AVAILABLE DATA Block Start
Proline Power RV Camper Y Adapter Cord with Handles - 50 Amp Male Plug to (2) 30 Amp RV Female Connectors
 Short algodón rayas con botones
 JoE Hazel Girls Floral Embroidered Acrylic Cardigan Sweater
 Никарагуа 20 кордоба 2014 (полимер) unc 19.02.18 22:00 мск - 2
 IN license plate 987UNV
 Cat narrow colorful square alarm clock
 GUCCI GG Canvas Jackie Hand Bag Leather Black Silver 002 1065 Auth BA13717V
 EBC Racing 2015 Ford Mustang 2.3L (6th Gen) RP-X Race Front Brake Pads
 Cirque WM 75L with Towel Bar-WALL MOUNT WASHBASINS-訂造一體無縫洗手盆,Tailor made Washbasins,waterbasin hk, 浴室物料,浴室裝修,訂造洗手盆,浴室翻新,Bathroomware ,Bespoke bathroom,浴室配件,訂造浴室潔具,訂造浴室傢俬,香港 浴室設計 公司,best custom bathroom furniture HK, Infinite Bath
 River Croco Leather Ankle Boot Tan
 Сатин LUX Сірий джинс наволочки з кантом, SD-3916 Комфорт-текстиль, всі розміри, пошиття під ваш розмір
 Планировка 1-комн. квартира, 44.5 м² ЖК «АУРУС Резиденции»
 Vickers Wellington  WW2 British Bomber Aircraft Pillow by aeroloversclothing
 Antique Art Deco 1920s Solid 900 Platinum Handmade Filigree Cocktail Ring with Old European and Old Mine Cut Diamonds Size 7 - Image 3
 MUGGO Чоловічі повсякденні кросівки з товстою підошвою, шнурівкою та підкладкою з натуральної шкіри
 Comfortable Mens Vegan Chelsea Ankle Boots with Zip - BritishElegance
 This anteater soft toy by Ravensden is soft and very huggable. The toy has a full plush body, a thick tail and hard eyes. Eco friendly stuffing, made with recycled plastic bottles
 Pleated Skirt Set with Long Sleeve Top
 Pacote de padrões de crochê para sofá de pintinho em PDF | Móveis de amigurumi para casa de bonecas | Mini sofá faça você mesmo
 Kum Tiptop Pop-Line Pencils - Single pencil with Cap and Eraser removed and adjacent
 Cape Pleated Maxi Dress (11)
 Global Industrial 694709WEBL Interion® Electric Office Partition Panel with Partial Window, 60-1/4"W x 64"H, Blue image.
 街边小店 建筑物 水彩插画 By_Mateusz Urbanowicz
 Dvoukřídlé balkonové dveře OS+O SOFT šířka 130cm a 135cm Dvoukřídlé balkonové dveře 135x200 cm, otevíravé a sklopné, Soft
AVAILABLE DATA Block End
ABOUT THIS EXERCISE | Copy verbatim the span of lines that begins with the line holding "Cape Pleated Maxi Dress (11)" and ends at the last line of the records.

RESULT BELOW |
 Cape Pleated Maxi Dress (11)
 Global Industrial 694709WEBL Interion® Electric Office Partition Panel with Partial Window, 60-1/4"W x 64"H, Blue image.
 街边小店 建筑物 水彩插画 By_Mateusz Urbanowicz
 Dvoukřídlé balkonové dveře OS+O SOFT šířka 130cm a 135cm Dvoukřídlé balkonové dveře 135x200 cm, otevíravé a sklopné, Soft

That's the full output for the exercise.